La tentative visant à se débarrasser du Ministère de la culture, les purges à l’intérieur de l’Entreprise Brasil de Comunicação et les interventions du gouvernement provisoire dans les organismes scientifiques sont les signes d’un phénomène plus ample. Que ce soit par le biais d’actions judiciaires ou d’articles dans les médias traditionnels, les attaques paralysantes et diffamatoires se sont multipliées contre des professeurs universitaires, des artistes et des journalistes considérés comme étant de gauche.

Le problème n’a rien à voir avec les privilèges fiscaux accordés à la Culture ni avec d’autres ordres du jour opportunistes. Des arguments grotesques du type « s’accrocher aux tétons de l’État » ne servent qu’à distiller un pseudo-libéralisme simpliste qui chatouille l’orgueil réactionnaire. A l’époque de la Guerre froide, on parlait de personnes « à la solde de Moscou ».

La phobie anti-intellectuelle est aussi vieille que le fascisme. Elle nait de l’aversion à la créativité et à l’esprit critique, valeurs de nature provocatrice et libertaire. L’art, l’humour et l’analyse offensent l’autoritarisme car ils agissent dans des sphères dans lesquelles la force coercitive, économique ou physique n’a pas une efficacité totale.

Et il existe le danger de la visibilité. Une personne célèbre qui dénonce un coup d’État devant la presse mondiale détruit des mois de propagande partisane du journalisme brésilien [2]. Aucune manipulation n’est capable de survivre à l’appel émotionnel d’une idole enfantée par ce même système de légitimation du support de manipulation.

Le venin contre l’antidote

Ceci explique l’effort pour neutraliser ces personnalités en recourant à des allégations concernant l’usage des ressources publiques ou portant sur les affinités politiques. La prétention à une neutralité impossible, rejetée dans tous les domaines de recherche, sert à désavouer justement les personnes qui combattent le mensonge de la neutralité politique du système judiciaire et de la presse. Inversion perfide qui compte sur le venin pour détruire son antidote.

L’esprit vindicatif et intolérant fournit un amalgame idéologique à diverses factions institutionnelles impliquées dans la destitution de Dilma Rousseff. Mais il serait naïf de ne voir là qu’un sous-produit spontané de l’antipétisme [3]historique. Le phénomène a pris une telle amplitude qu’il peut se transformer en instrument de coercition.

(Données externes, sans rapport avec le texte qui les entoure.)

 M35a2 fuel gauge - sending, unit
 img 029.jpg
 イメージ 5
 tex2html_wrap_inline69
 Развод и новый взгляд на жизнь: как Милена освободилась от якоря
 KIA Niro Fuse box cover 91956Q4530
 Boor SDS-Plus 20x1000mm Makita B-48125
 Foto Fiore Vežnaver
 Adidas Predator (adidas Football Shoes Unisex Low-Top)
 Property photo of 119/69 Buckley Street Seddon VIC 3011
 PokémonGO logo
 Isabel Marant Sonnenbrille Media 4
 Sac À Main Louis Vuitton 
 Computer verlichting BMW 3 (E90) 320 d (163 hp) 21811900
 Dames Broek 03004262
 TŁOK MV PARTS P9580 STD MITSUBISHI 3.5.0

Les attaques contre les intellectuels visent à les empêcher de participer à la construction de récits historiques de la période actuelle que traverse le pays. En condamnant au silence les versions antagonistes, la droite prétend institutionnaliser la vision salvatrice de son histoire, ayant recours à un discours homogène des événements comme légat d’une fausse unanimité au sujet des disputes politiques.

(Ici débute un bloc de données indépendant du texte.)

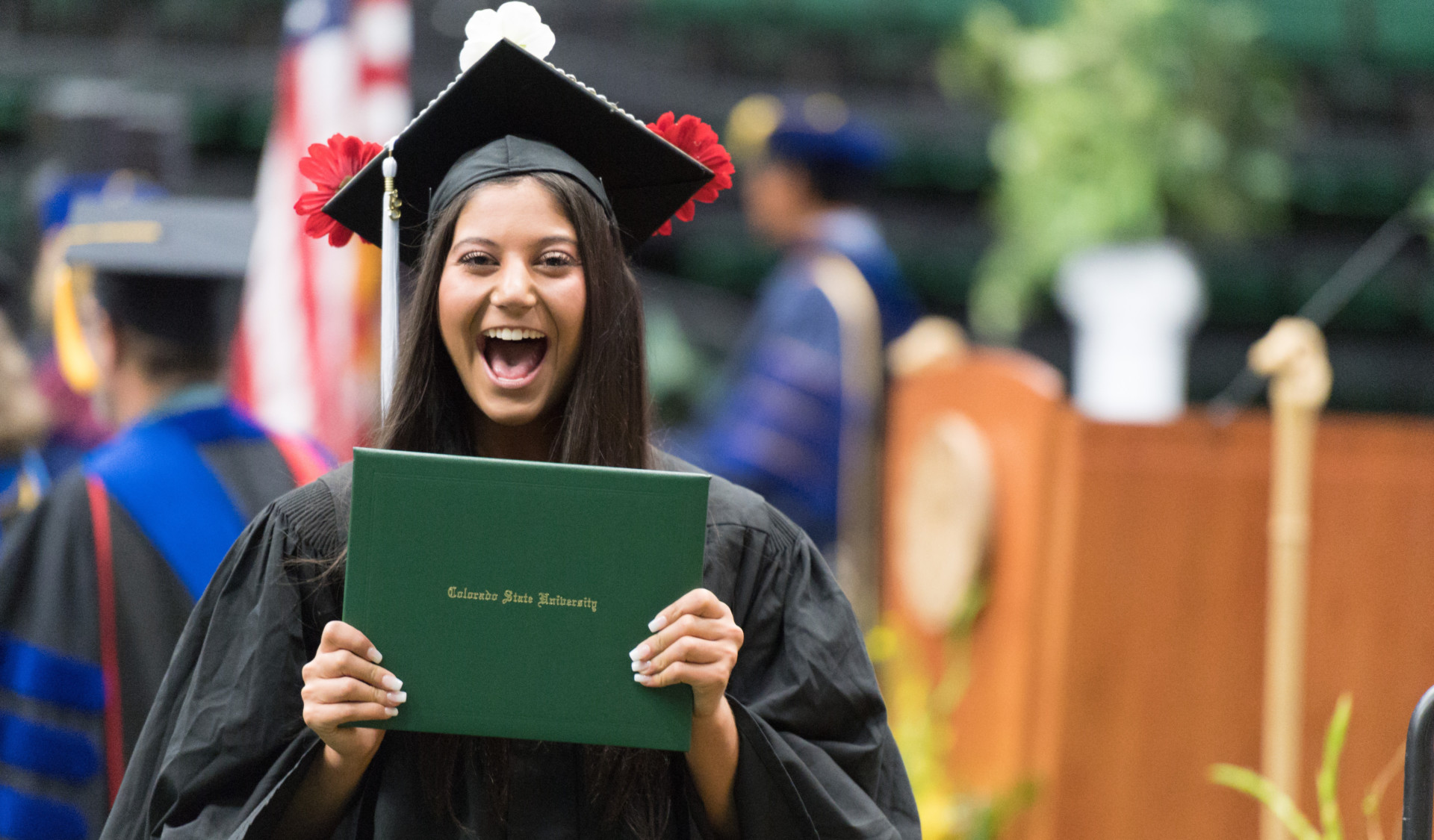 Fully Funded Canadian Scholarships For Pakistani Students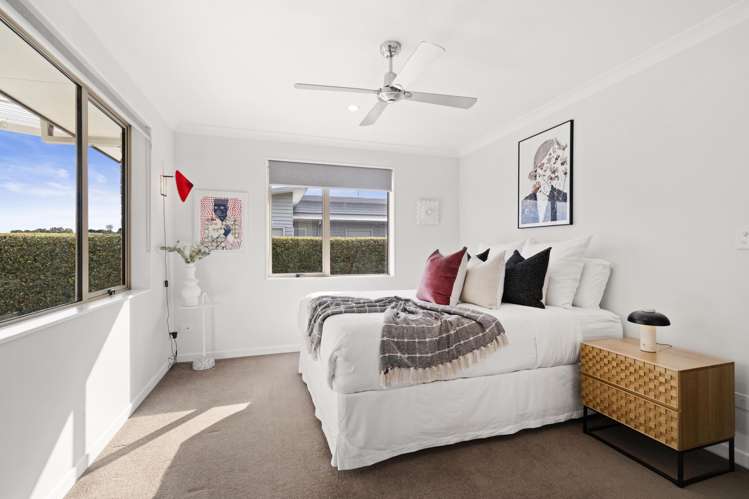 32 Grace James Road Pukekohe_15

Et c’est précisément parce que la mode obscurantiste est liée à un projet de pouvoir que les intellectuels ne peuvent tomber dans ce piège légitimant la dépolitisation. Plus les adeptes de la pensée unique seront agressifs et plus il sera stimulant de les combattre avec l’énergie de la résistance militante.

Guilherme Scalzilli est historien, écrivain. Il est titulaire d’un master en Diffusion scientifique et culturelle.

Voir en ligne : Observatório da imprensa

[1Empresa Brasil de Comunicação, EBC. Entreprise publique de communication créée en 2007. Elle regroupe une agence d’information, des chaînes de télévision et des radios.

[2L’auteur de l’article fait référence à la protestation contre la destitution de la Présidente Dilma Rousseff protagonisée par le cinéaste brésilien, Kleber Mendonça Filho lors du dernier festival de Cannes.

[3Antipetisme. Néologisme créé à partir du sigle du Parti des travailleurs, le PT.